Contrastive Training Flow — Full Pipeline

sequenceDiagram
    participant Batch as Training Batch<br>(128 triplets)
    participant Titan as Titan Embeddings V2<br>(Frozen, Bedrock API)
    participant Adapter as Contrastive Adapter<br>(1M trainable params)
    participant Loss as InfoNCE Loss<br>Calculator
    participant ANN as Hard Negative<br>Miner (ANN Index)
    participant Optim as Adam Optimizer

    Note over Batch: Epoch start: refresh hard negatives
    Batch->>ANN: All queries from training set
    ANN->>Batch: Top-K hard negatives per query

    Batch->>Titan: 128 queries + 128 positives + 128 negatives (384 texts)
    Titan->>Adapter: 384 frozen embeddings ∈ ℝ¹⁰²⁴

    Note over Adapter: Forward pass through adapter<br>e → W₁ → GELU → W₂ → LayerNorm → z<br>3 matrix multiplications per embedding

    Adapter->>Loss: 384 adapted embeddings
    Loss->>Loss: Compute pairwise cosine similarities<br>128 × 128 similarity matrix
    Loss->>Loss: Apply temperature τ=0.07<br>InfoNCE = -log(exp(s⁺/τ) / Σexp(s/τ))

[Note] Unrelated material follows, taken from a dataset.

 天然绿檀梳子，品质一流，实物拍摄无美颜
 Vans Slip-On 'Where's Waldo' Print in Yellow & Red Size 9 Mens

    Note over Loss: Backward pass
    Loss->>Adapter: ∂L/∂z for all 384 embeddings
    Note over Adapter: Gradients flow through:<br>LayerNorm → W₂ → GELU' → W₁<br>Titan params receive NO gradient (frozen)

    Adapter->>Optim: Update 1M adapter params
    Optim->>Adapter: Adam step: θ ← θ - lr·m̂/(√v̂ + ε)

Embedding Space Transformation — Before vs After Adapter

graph LR
    subgraph "Before Adapter (Titan V2 Raw)"
        A1["'dark fantasy manga'<br>(0.72, 0.31, ...)"]
        B1["'action adventure manga'<br>(0.70, 0.35, ...)"]
        C1["'comedy isekai'<br>(0.68, 0.29, ...)"]
        D1["'Berserk vol 1'<br>(0.71, 0.33, ...)"]
        E1["'One Piece vol 1'<br>(0.69, 0.34, ...)"]

        A1 -.->|"cos=0.94<br>too close!"| B1
        A1 -.->|"cos=0.91"| C1
        A1 -.->|"cos=0.93"| D1
        B1 -.->|"cos=0.95"| E1
    end

    subgraph "After Adapter (Manga-Tuned)"
        A2["'dark fantasy manga'<br>moved to dark cluster"]
        B2["'action adventure manga'<br>moved to action cluster"]
        C2["'comedy isekai'<br>moved to comedy cluster"]
        D2["'Berserk vol 1'<br>near dark fantasy"]
        E2["'One Piece vol 1'<br>near action adventure"]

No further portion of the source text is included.